Using MinIO to handle the S3 protocol, we are left with the problem of implementing their ObjectLayer interface. A few example methods we implemented are the following:
func (l *objectLayer) ListObjects(ctx context.Context, bucket string, prefix string, marker string, delimiter string, maxKeys int) (minio.ListObjectsInfo, error) func (l *objectLayer) GetObject(ctx context.Context, bucket string, key string, startOffset int64, length int64, writer io.Writer, etag string, opts minio.ObjectOptions) error
The function parameters provide everything we need from each S3 APR request.
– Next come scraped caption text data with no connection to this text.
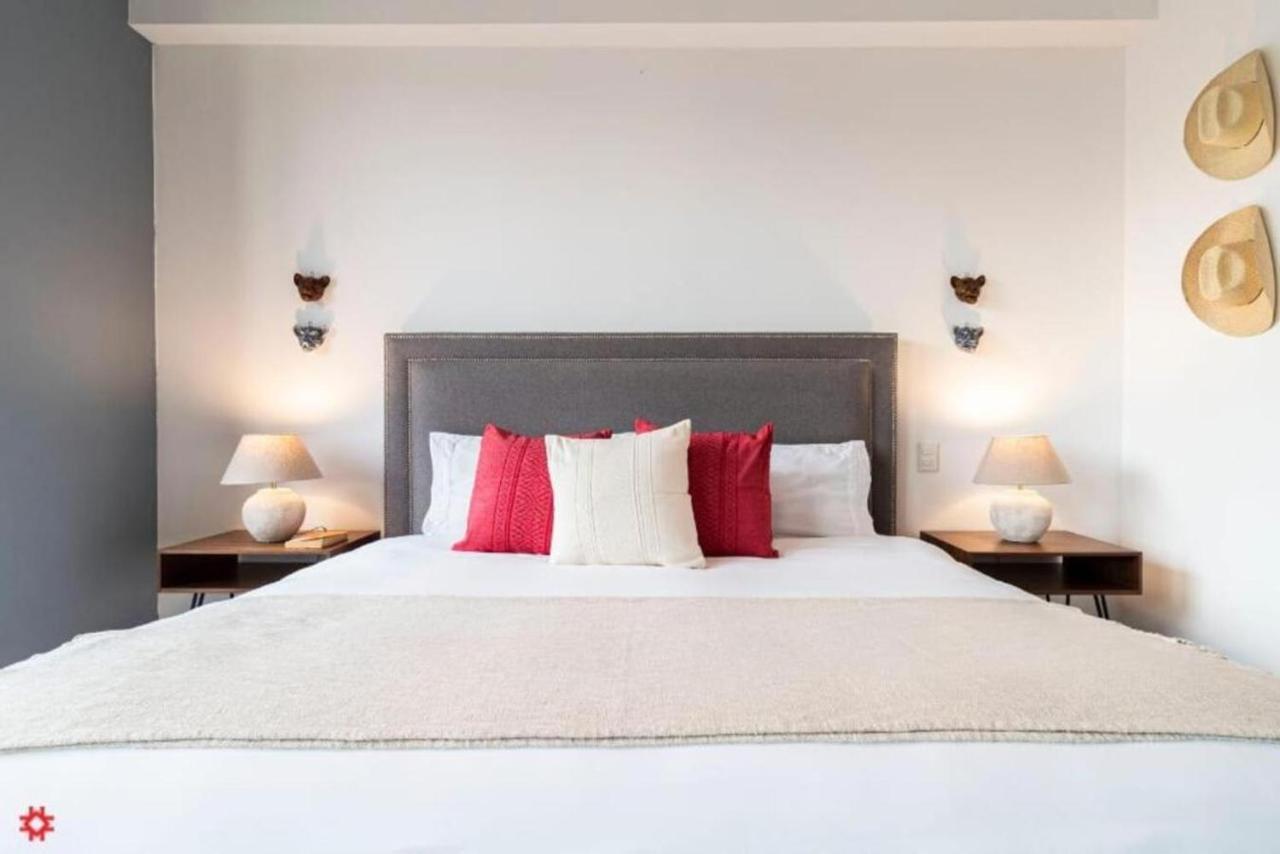 Kukun-reforma, Magenta Apartment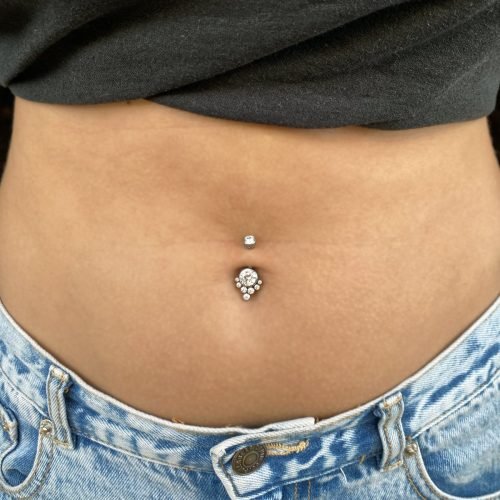 Alternative view of Piercing de ombligo con 9 zirconias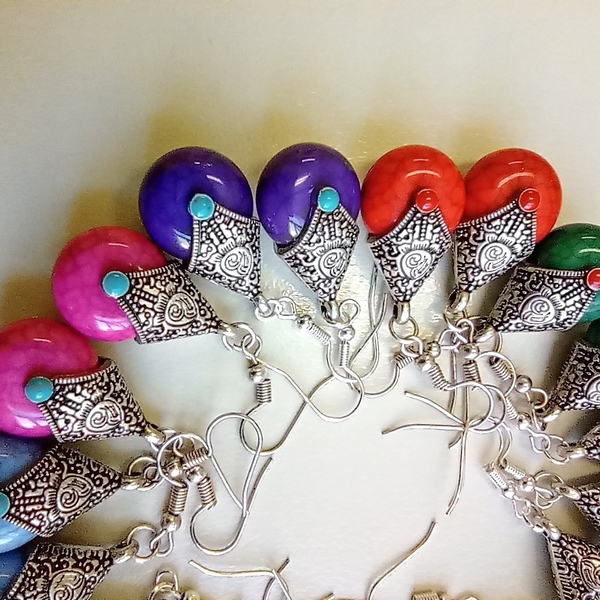 Έθνικ σκουλαρίκια με ακρυλική χάντρα σε διάφορα χρώματα - ασήμι, μικρά, ethnic, κρεμαστά, φθηνά - 3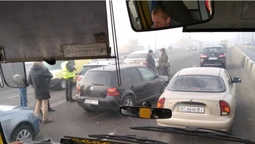 У Луцьку на шляхопроводі біля "Там-Таму" – аварія: утворився затор (фото, оновлено)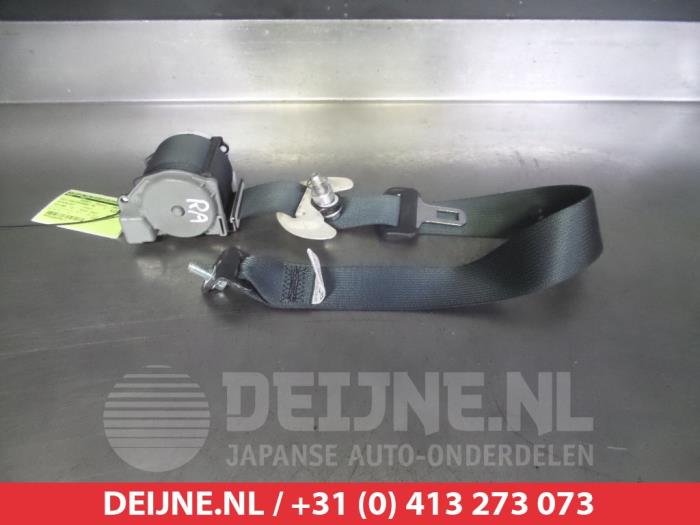 Mitsubishi Outlander Rear seatbelt, right O315997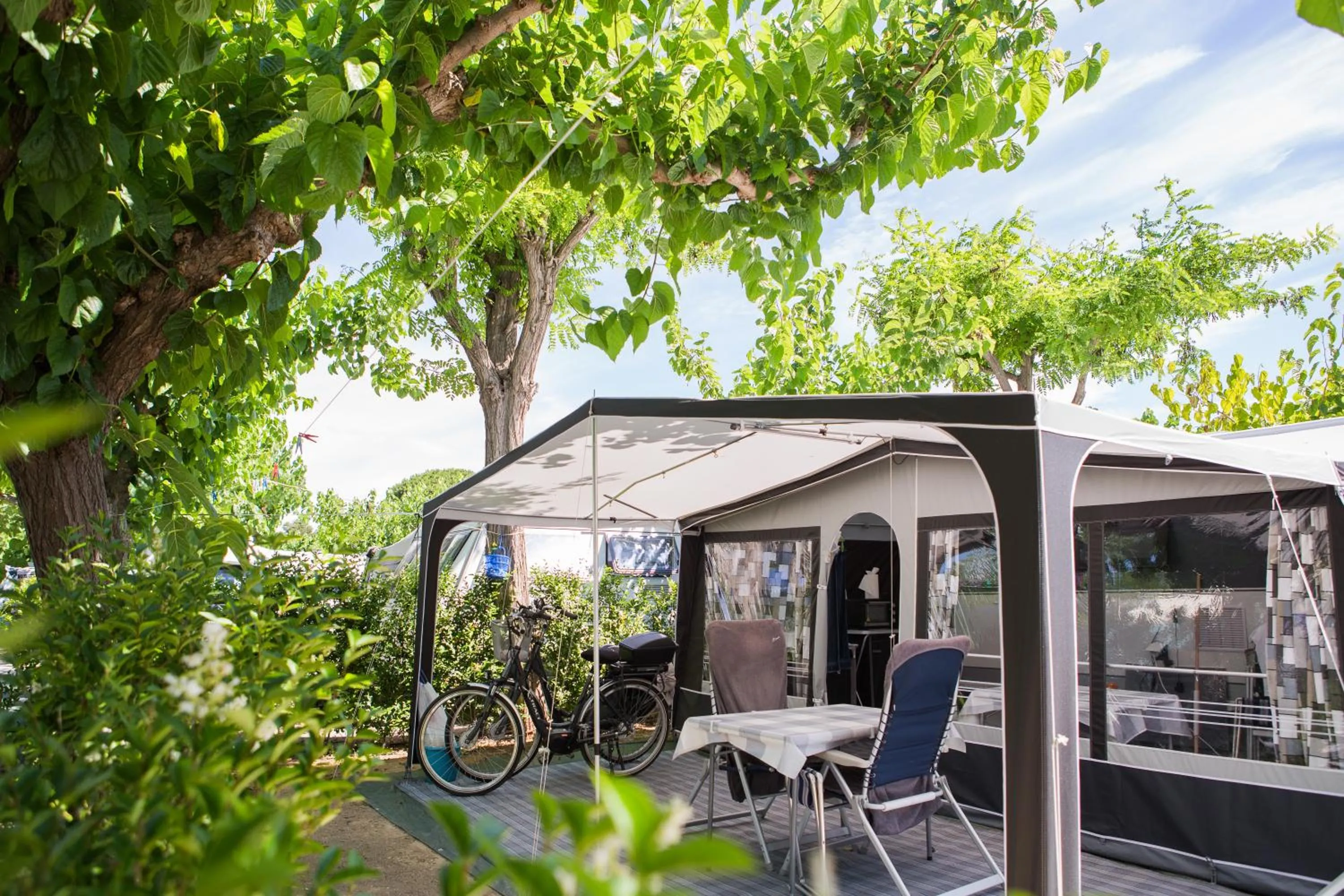 Garden view in Camping Estival Vendrell Platja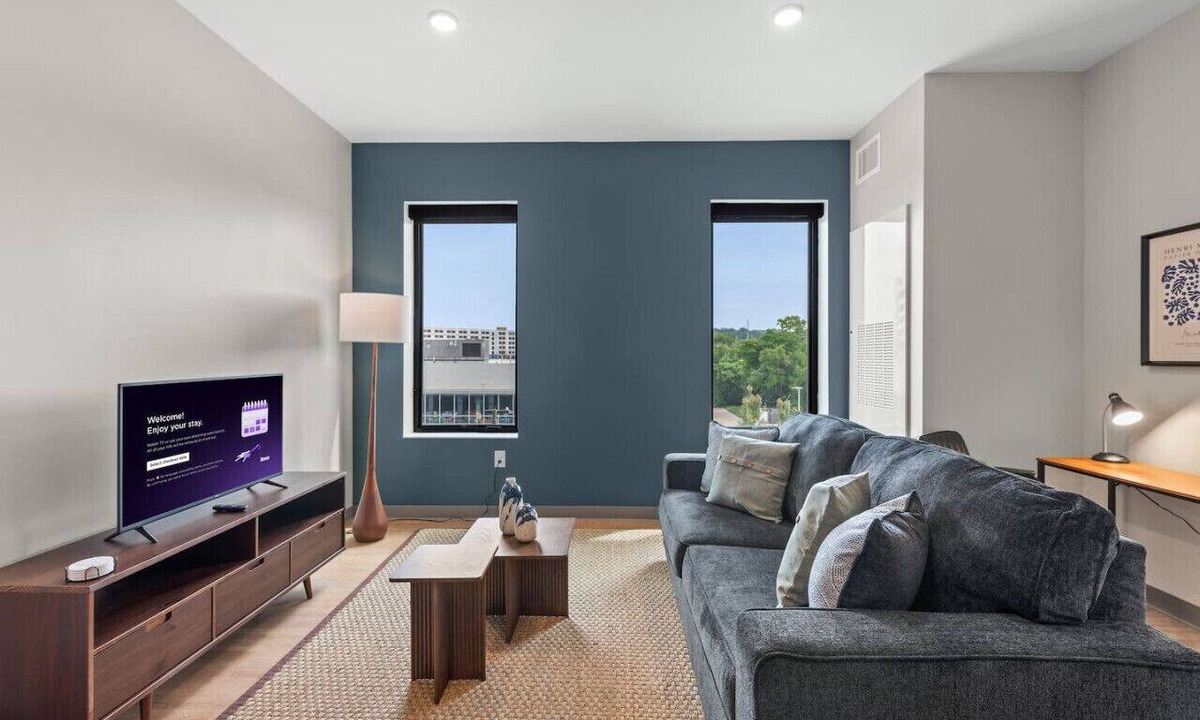 Cleveland Apartment | Stylish 1BDR | Cleveland Clinic | Free Garage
For ListObject, we simply need to parse the prefix string to determine what we need to list from, and query our internal metadata to generate the resulting child keys. For GetObject, we parse the key string in the same way as listing (but now require that it is complete), lookup the real S3 object corresponding to the key, then forward the parameters to a MinIO ObjectLayer corresponding to the underlying storage system.
A slight complication was handling permissions. We already associate AWS-style access keys and secrets to our service accounts, so the initial integration was simple. We can just use those as if they were AWS credentials. Inside MinIO, it tries to determine the permissions before hitting its ObjectLayer. To keep the permissioning flexible and tighten down the implementation scope, we decided to store the incoming keys in the context, and extract and verify them as part of accessing the ObjectLayer.
In practice, here is what a few full paths look like:
s3///.
s3/test/all_parts/part-00000000-b9dafcf1-2c4a-45b6-ab9f-291959ed9b33-c000000.snappy.parquet s3/////. s3/test/sdl/partitioned/year(ts)=2017/month(ts)=03/day(ts)=14/part-00000000-cf618025-ad4a-4aad-8e4e-39fd5552eeec-c000000.snappy.parquet
With this path structure, the code needed to read the data into a Spark DataFrame using the Spark shell is:
> spark.read.parquet("s3a://s3/test/all_parts") |
With smart partitioning, the intermediate path chunks will be added to the DataFrame with names equal to the string before the equal sign, and values from the piece after the equal sign.
With the virtual S3 object paths fully determined by existing internal metadata, we are able to offer a key differentiator over native S3 in that paths are guaranteed to correspond to live data. Any path seen in the virtual bucket corresponds to a component in the Ascend environment. Since the raw data writes and deletes are managed by the Ascend Control Plane, we are not currently supporting modification of data through this API, though looking to add that in the future.
Summary
With Ascend’s Structured Data Lake, all managed data is unified and dynamically synchronized with the pipelines that operate on it. For the first time, data scientists, architects, and engineers can build on top of a common data lake that automatically ensures data integrity, tracks data lineage, and optimizes performance.